#### RECORD EXTRACTS

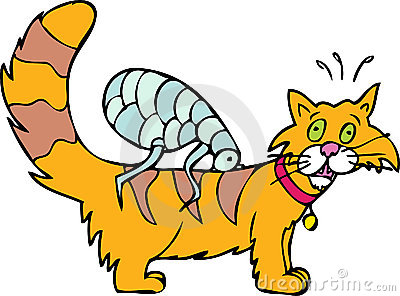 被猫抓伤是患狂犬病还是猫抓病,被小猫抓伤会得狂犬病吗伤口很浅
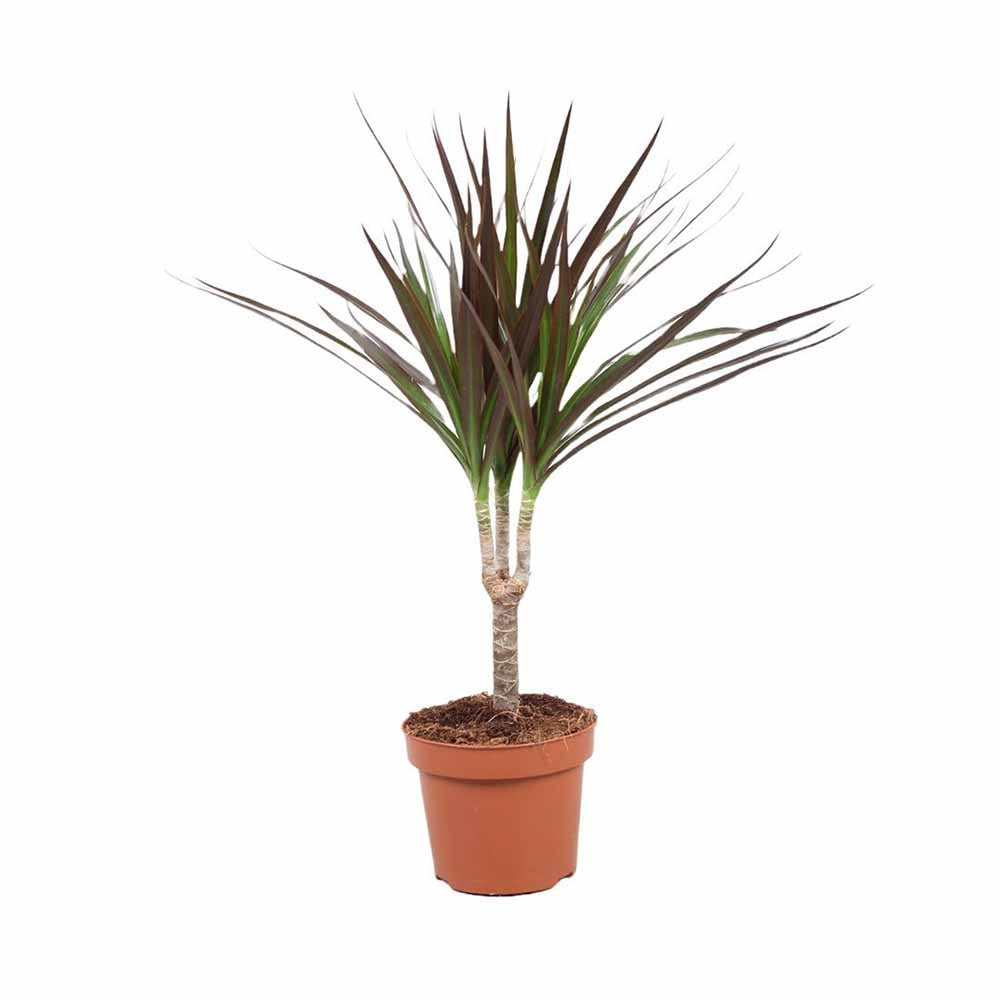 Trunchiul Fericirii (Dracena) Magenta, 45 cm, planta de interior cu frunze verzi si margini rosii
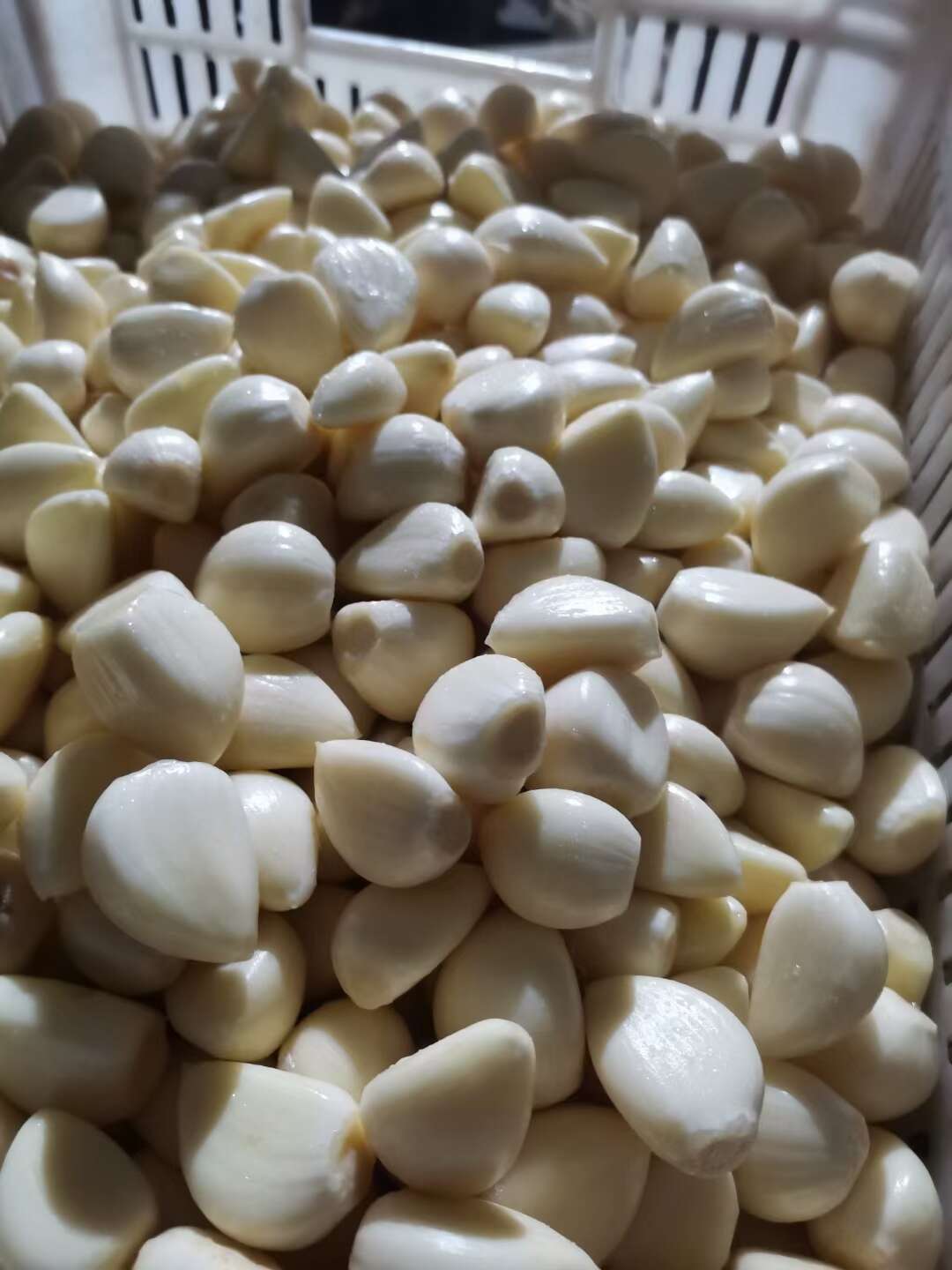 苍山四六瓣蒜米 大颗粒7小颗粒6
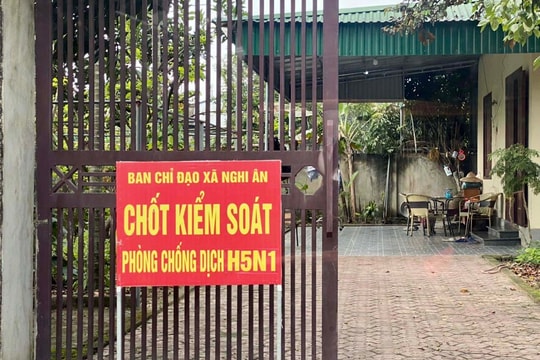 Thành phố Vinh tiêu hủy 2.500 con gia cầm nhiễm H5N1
* * *
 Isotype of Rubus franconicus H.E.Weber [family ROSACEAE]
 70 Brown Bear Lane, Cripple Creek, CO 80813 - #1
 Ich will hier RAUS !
--
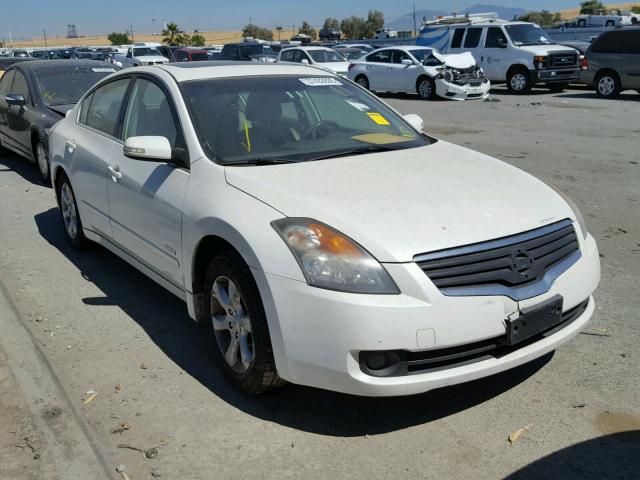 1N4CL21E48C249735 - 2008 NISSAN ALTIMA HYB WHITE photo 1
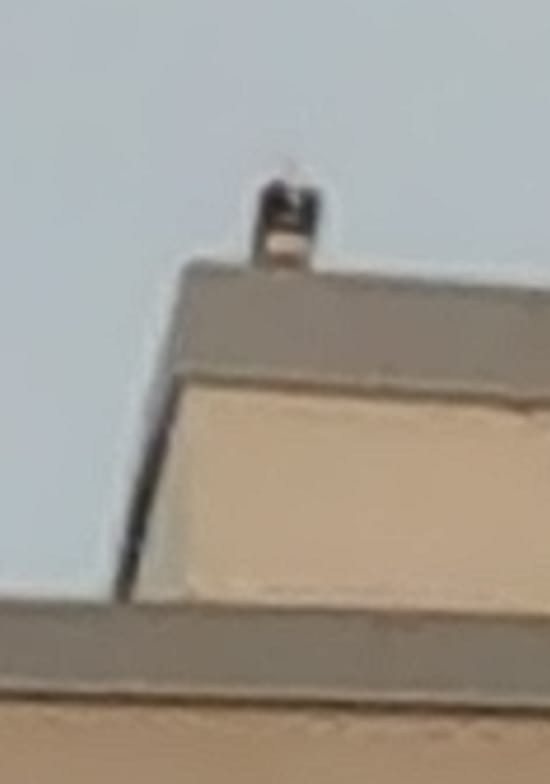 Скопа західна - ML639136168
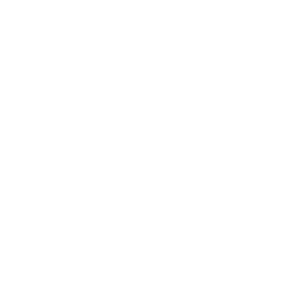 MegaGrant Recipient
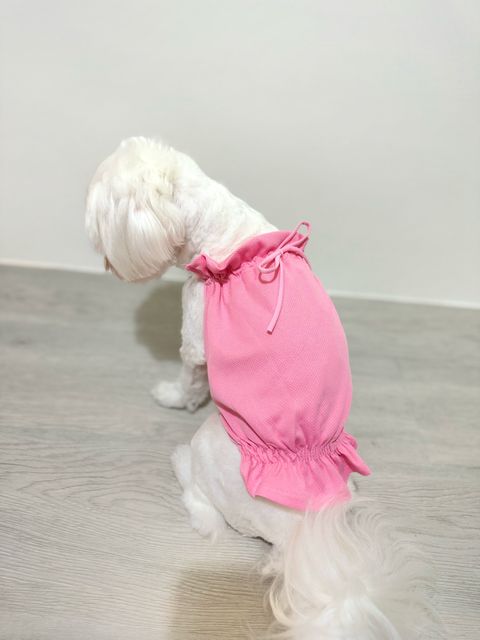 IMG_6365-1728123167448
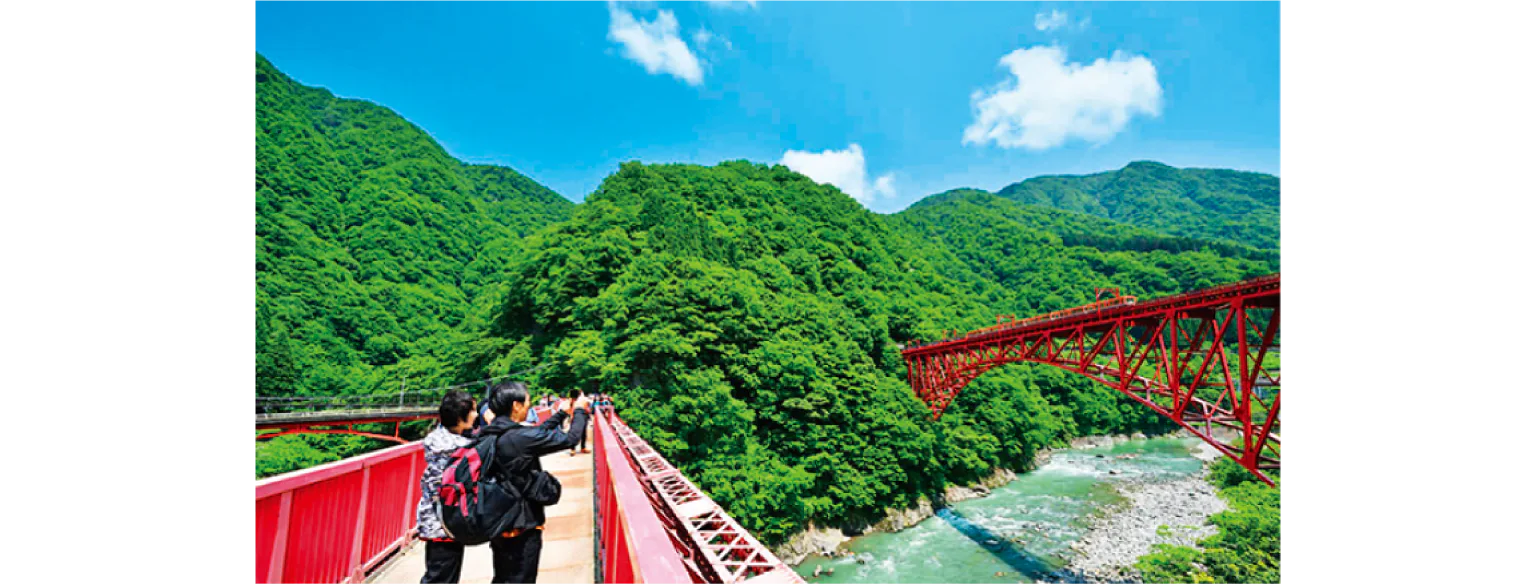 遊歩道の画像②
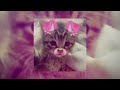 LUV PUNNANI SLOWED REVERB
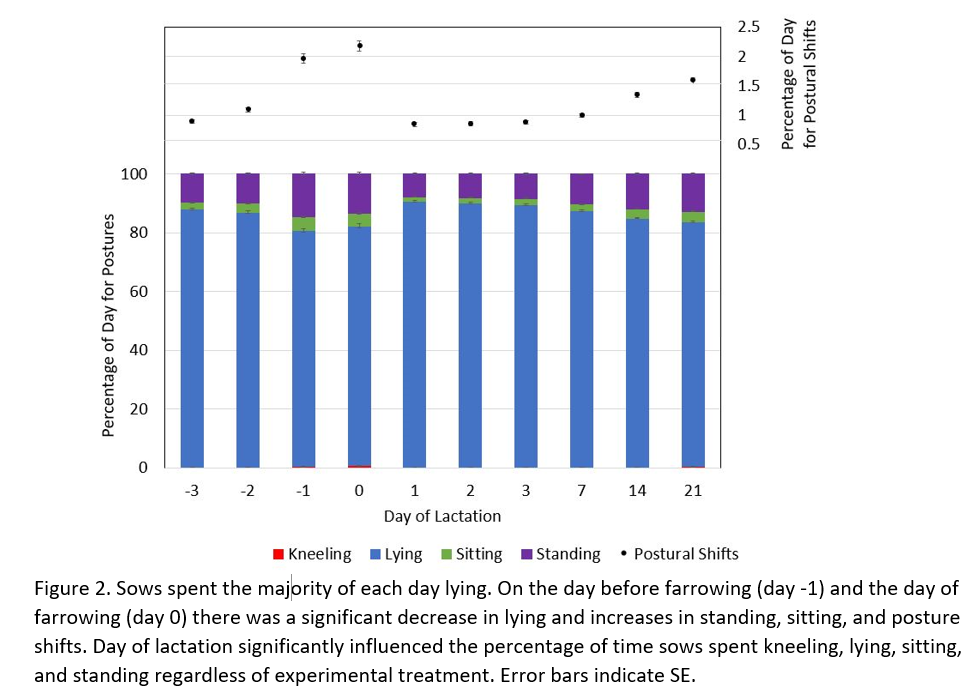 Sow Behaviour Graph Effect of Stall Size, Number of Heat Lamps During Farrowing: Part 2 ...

#### WORK ORDER
Copy the lines of the data above exactly as written, beginning with the line containing "70 Brown Bear" and ending with the line containing "Ich will hier RAUS !", and leave out all other lines.

#### SOLUTION FOR THIS TASK
 70 Brown Bear Lane, Cripple Creek, CO 80813 - #1
 Ich will hier RAUS !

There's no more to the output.